[Data for the task — start]
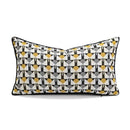 Yellow and white geometric elephant cushion cover living room decor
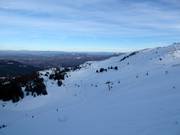 Vue le long du télésiège six places Ogorjelica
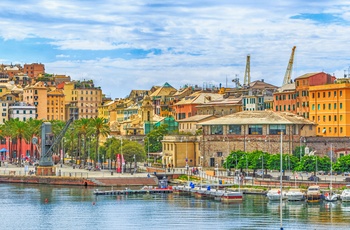 Den gamle havn i Genova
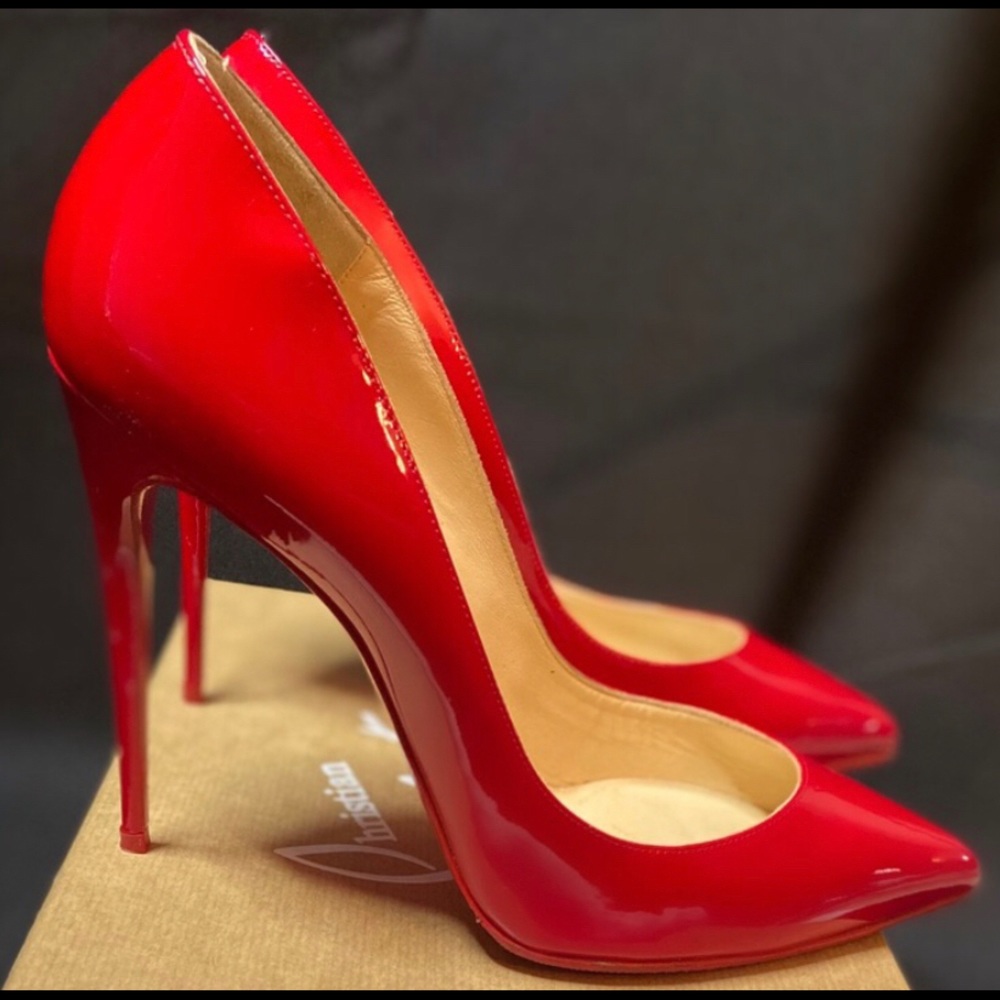 Red Pigalle Follies 100 Patent Leather Heels
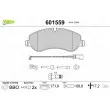 Jeu de 4 plaquettes de frein avant VALEO 601559 - Visuel 1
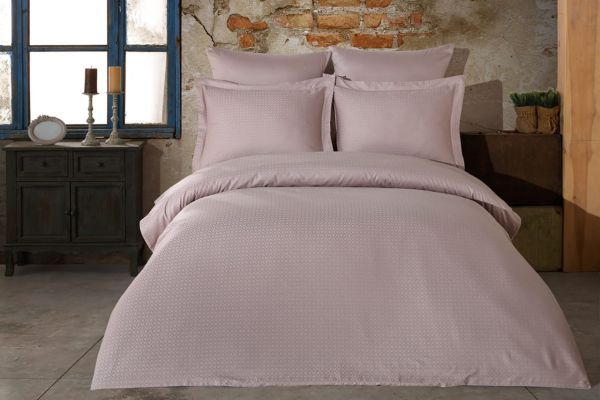 Постільна білизна Saheser Jacquard Vip Satin 200X220 Diamond Lila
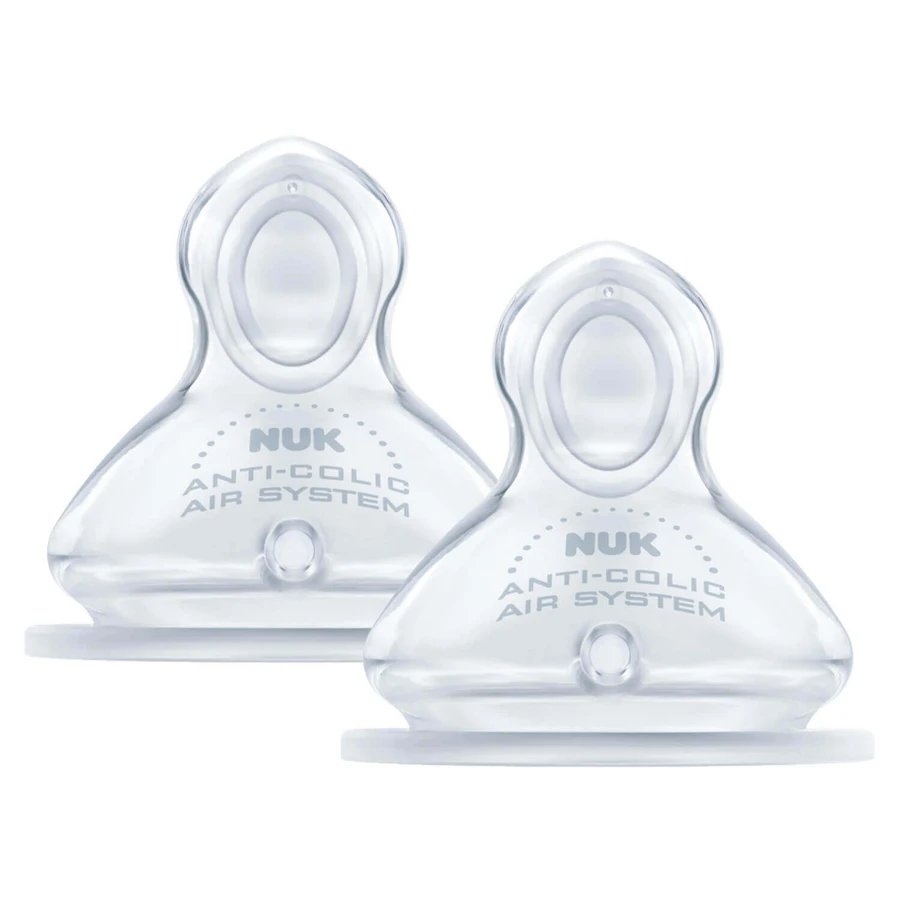NUK First Choice+, tetină pentru biberon, silicon, mărimea M, 6-18 luni, 2 bucăți: цены и характеристики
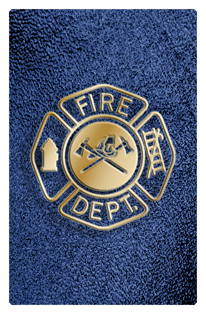 DF35T 418 SH BL Fire Department Shimmer Blue Background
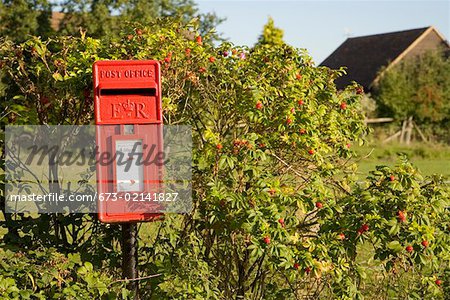 Boîte aux lettres rouge, Kent, Royaume-Uni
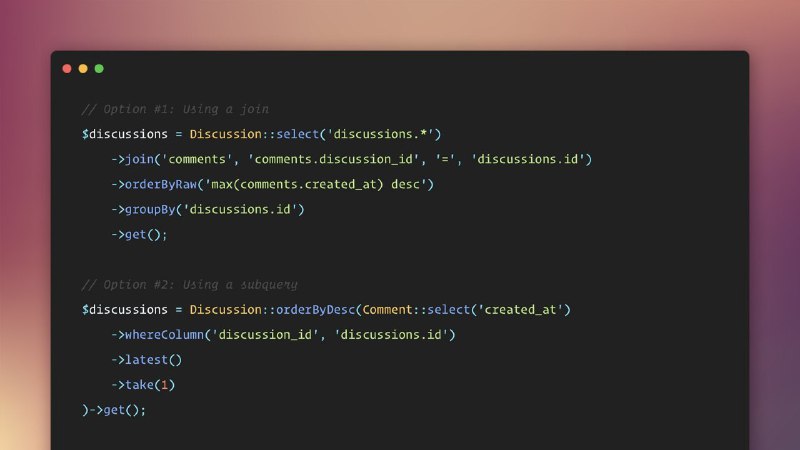 Как отсортировать записи по столбцу отношений «hasMany» в Laravel?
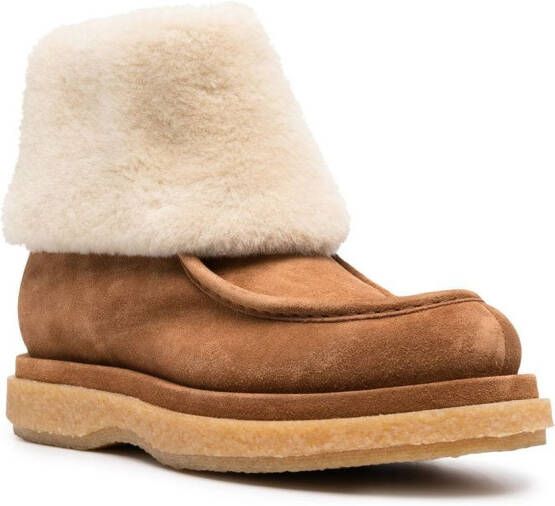 Officine Creative shearling ankle boots Neutrals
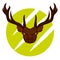 Angry deer badge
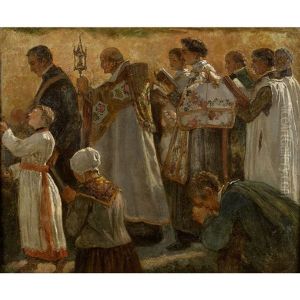 La Procession Des Bles by Jules Breton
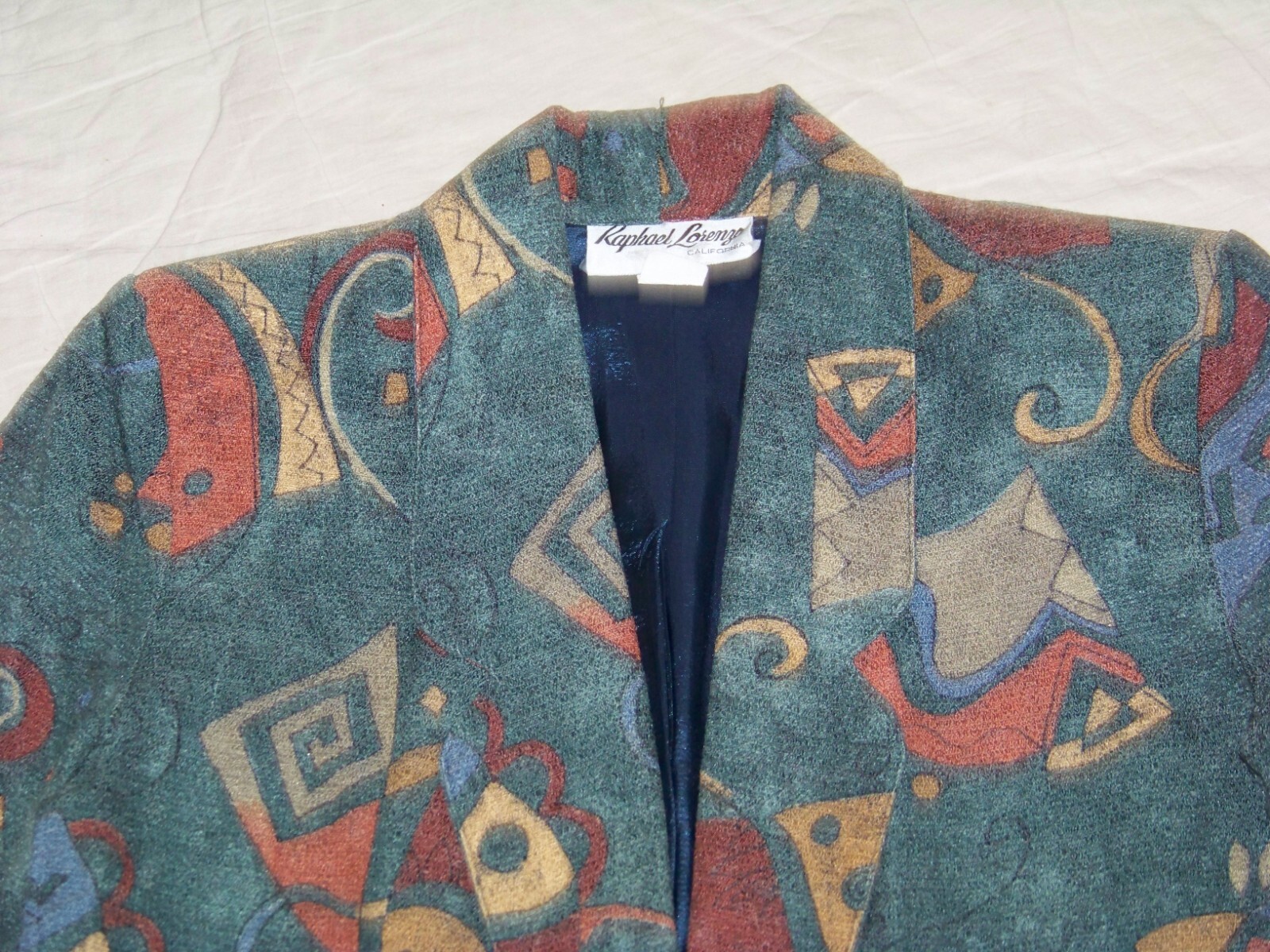 Vintage Raphael Lorenzo California Blazer – M (See Measurements)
[Data for the task — finish]
Problem to work on
Repeat verbatim the lines from the one holding "DF35T 418 SH" through the end of the listing above, both ends included, but not the pictures.

Task result
 DF35T 418 SH BL Fire Department Shimmer Blue Background
 Boîte aux lettres rouge, Kent, Royaume-Uni
 Как отсортировать записи по столбцу отношений «hasMany» в Laravel?
 Officine Creative shearling ankle boots Neutrals
 Angry deer badge
 La Procession Des Bles by Jules Breton
 Vintage Raphael Lorenzo California Blazer – M (See Measurements)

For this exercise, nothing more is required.